てっきりまたいつもの、向けられるこっちの力が抜けるような、軽くてゆるい笑顔を浮かべているのかと思った。『言われなくてもわかってますー』とか、ゆったりした口調で返されるものだと思ってた。

ゆるゆる、へらへら。雨宮を音で表すとしたらそれらがピッタリだったから。図書委員として半年一緒に活動してきて、雨宮がどういう奴なのかはある程度わかってきたつもりだった。

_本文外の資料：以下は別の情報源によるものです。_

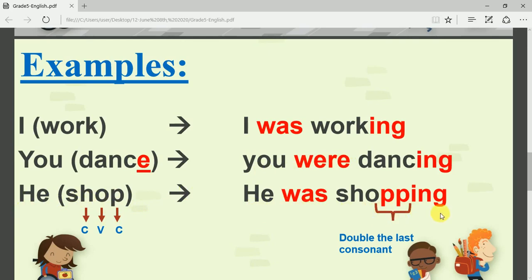'He shops' → 'He was shopping': before adding -ing, I double the p. That's because 'shop' is a one-syllable verb and its last three letters are consonant-vowel-consonant (CVC). You know this rule — when the verb ends with CVC, you double the last consonant before adding -ing. So I put double-p and then add -ing.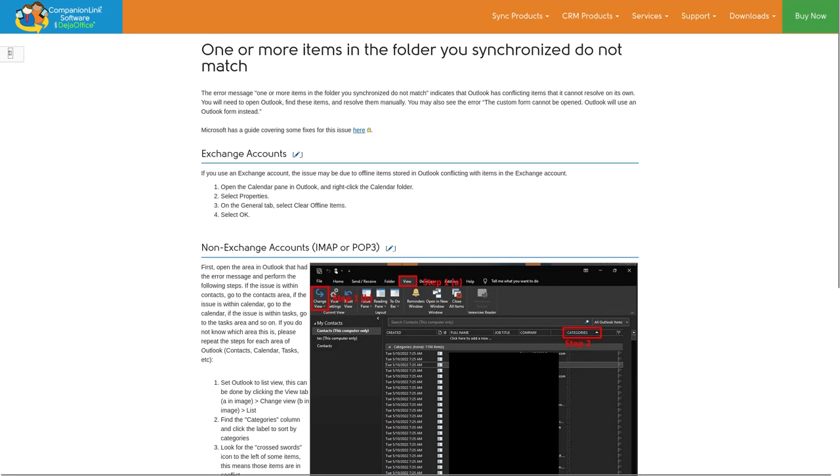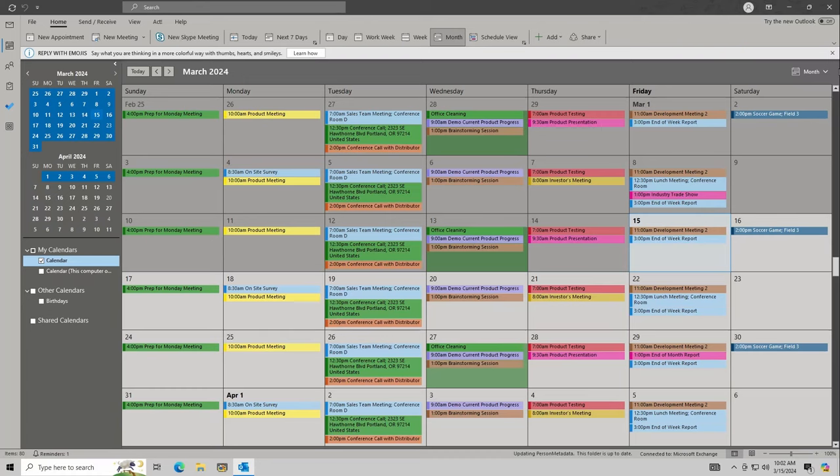The steps shown in this video only work on Exchange accounts. If you're using an IMAP or POP3 account, see the steps in the written guide. Ensure you do a backup of Outlook data first.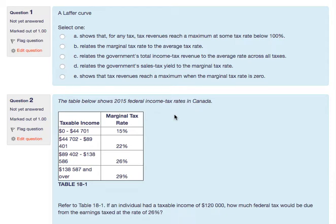Moving to Chapter 18, which deals with income taxes, the impact of taxes on production and prices for consumers and producers, and the Laffer curve.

でもいま、雨宮を見ても何を考えているのかわからない。ただじっと俺のことを見つめている雨宮に、俺は少し動揺している。


「……どうしたよ」


パタンと文庫本を閉じて、雨宮に近づく。腹でも痛いのか。それとも先週の中間考査の結果が気になるのか。返却本は残り1冊。雨宮の手からそれを抜き取って分類番号を確認する。


「……葦名、」
「ん?」
「適当じゃないっつったら、どうする」
「……」


数分前の会話を脳内で再再生。
『うそ。愛おしいなぁとおもって』
はいここ。ここでストップ。返却本に目を落とす雨宮。その口元にはわずかに笑みが浮かんでる。……適当じゃないって、これのこと?



『──下校時刻になりました。校内に残っている生徒は……』



チャイムの音が図書室に鳴り響く。雨宮のビー玉のような瞳に、目を見開く俺がしっかりと、ばっちりと、映っていた。